On Monday, November 21, 2011 12:36:15 pm Luigi Rizzo wrote:
> On Mon, Nov 21, 2011 at 11:29:29AM -0500, John Baldwin wrote:
> > On Friday, November 18, 2011 5:04:58 pm Luigi Rizzo wrote:
> > > On Fri, Nov 18, 2011 at 11:16:00AM -0800, Doug Barton wrote:
> > > > On 11/18/2011 09:54, Luigi Rizzo wrote:
> > > > > One more thing (i am mentioning it here for archival purposes,
> > > > > as i keep forgetting to test it). Is entropy harvesting expensive ?
> > > > 
> > > > No.

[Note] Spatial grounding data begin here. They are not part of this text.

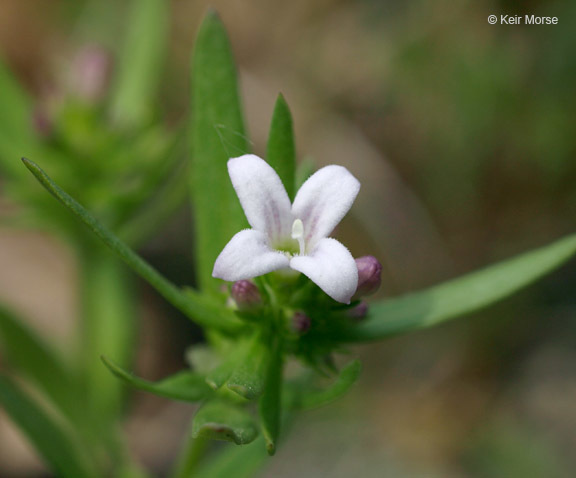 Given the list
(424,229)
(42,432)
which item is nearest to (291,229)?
(42,432)

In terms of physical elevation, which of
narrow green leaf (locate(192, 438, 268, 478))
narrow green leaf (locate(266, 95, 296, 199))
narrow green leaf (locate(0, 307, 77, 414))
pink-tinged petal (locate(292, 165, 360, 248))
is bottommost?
narrow green leaf (locate(192, 438, 268, 478))

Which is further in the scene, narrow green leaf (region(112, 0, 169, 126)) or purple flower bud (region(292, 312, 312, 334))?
narrow green leaf (region(112, 0, 169, 126))

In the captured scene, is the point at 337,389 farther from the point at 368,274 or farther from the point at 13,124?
the point at 13,124

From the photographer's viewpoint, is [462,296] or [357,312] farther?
[462,296]

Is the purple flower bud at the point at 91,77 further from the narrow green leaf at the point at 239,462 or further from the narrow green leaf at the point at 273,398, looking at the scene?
the narrow green leaf at the point at 273,398

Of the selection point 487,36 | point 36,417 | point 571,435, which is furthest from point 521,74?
point 36,417

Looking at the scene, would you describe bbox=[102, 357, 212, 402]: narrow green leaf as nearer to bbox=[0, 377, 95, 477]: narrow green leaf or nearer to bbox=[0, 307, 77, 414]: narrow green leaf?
bbox=[0, 377, 95, 477]: narrow green leaf

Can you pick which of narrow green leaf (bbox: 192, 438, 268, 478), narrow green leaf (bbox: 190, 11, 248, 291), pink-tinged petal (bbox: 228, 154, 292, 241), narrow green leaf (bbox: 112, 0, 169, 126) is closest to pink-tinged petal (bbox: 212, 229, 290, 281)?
pink-tinged petal (bbox: 228, 154, 292, 241) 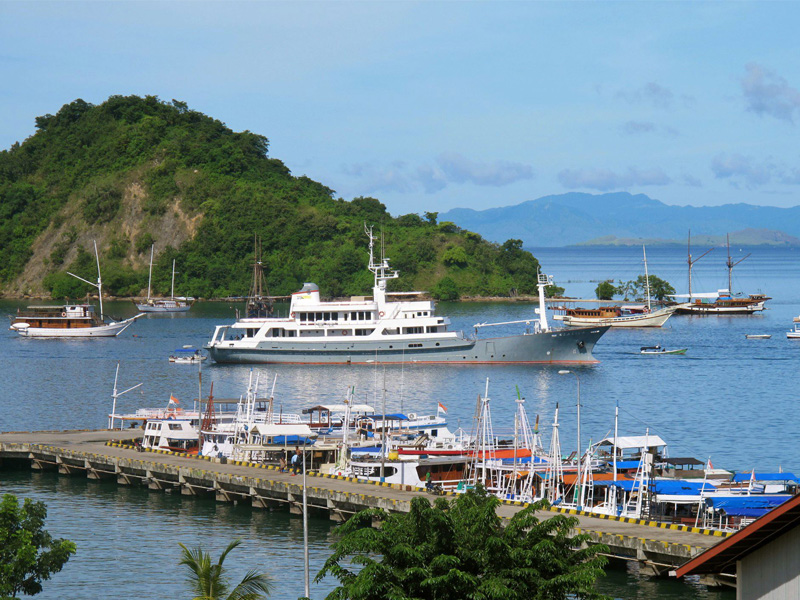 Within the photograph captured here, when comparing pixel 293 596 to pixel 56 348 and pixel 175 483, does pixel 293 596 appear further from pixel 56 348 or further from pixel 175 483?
pixel 56 348

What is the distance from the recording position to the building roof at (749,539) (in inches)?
455

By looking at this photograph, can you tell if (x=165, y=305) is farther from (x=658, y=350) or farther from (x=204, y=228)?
(x=658, y=350)

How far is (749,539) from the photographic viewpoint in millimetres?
12016

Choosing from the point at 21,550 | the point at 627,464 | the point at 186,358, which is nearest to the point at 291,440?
the point at 627,464

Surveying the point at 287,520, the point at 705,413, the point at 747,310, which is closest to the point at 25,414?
the point at 287,520

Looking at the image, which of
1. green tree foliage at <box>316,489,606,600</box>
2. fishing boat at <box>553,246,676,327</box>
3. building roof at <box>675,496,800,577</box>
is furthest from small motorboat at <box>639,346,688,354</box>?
building roof at <box>675,496,800,577</box>

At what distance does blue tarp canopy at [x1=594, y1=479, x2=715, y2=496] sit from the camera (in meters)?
33.8

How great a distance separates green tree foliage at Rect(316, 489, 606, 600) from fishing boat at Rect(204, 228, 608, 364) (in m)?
65.3

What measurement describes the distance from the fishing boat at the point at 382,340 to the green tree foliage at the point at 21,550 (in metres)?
Result: 61.2

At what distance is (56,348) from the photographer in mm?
101812

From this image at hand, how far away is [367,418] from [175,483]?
34.4ft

It was designed to be inexpensive on purpose. :)
> > > 
> > > hmmm....
> > > unfortunately I don't have a chance to test it until monday
> > > (probably one could see if the ping times change by modifying
> > > the value of kern.random.sys.harvest.* ).
> > > 
> > > But in the code i see the following:
> > > 
> > > - the harvest routine is this:
> > > 
> > >     void
> > >     random_harvest(void *entropy, u_int count, u_int bits, u_int frac,
> > > 	enum esource origin)
> > >     {
> > >         if (reap_func)
> > >                 (*reap_func)(get_cyclecount(), entropy, count, bits, frac,
> > >                     origin);
> > >     }
> > > 
> > > - the reap_func seems to be bound to
> > > 
> > >     dev/random/randomdev_soft.c::random_harvest_internal()
> > > 
> > >   which internally uses a spinlock and then moves entries between
> > >   two lists.
> > > 
> > > I am concerned that the get_cyclecount() might end up querying an
> > > expensive device (is it using kern.timecounter.hardware ?)
> > 
> > On modern x86 it just does rdtsc().
> > 
> > > So between the indirect function call, spinlock, list manipulation
> > > and the cyclecounter i wouldn't be surprised it the whole thing
> > > takes a microsecond or so.
> > 
> > I suspect it is not quite that expensive.
> > 
> > > Anyways, on monday i'll know better. in the meantime, if someone
> > > wants to give it a try... in our tests between two machines and
> > > ixgbe (10G) interfaces, an unmodified 9.0 kernel has a median ping
> > > time of 30us with "slow" pings (say -i 0.01 or larger) and 17us with
> > > a ping -f .
> > 
> > Did you time it with harvest.interrupt disabled?
> 
> yes, thanks for reminding me to post the results.
> 
> Using unmodified ping (which has 1us resolution on the reports),
> there is no measurable difference irrespective
> of the setting of kern.random.sys.harvest.ethernet,
> kern.random.sys.harvest.interrupt and kern.timecounter.hardware.
> Have tried to set hw mitigation to 0 on the NIC (ixgbe on both
> sides) but there is no visible effect either.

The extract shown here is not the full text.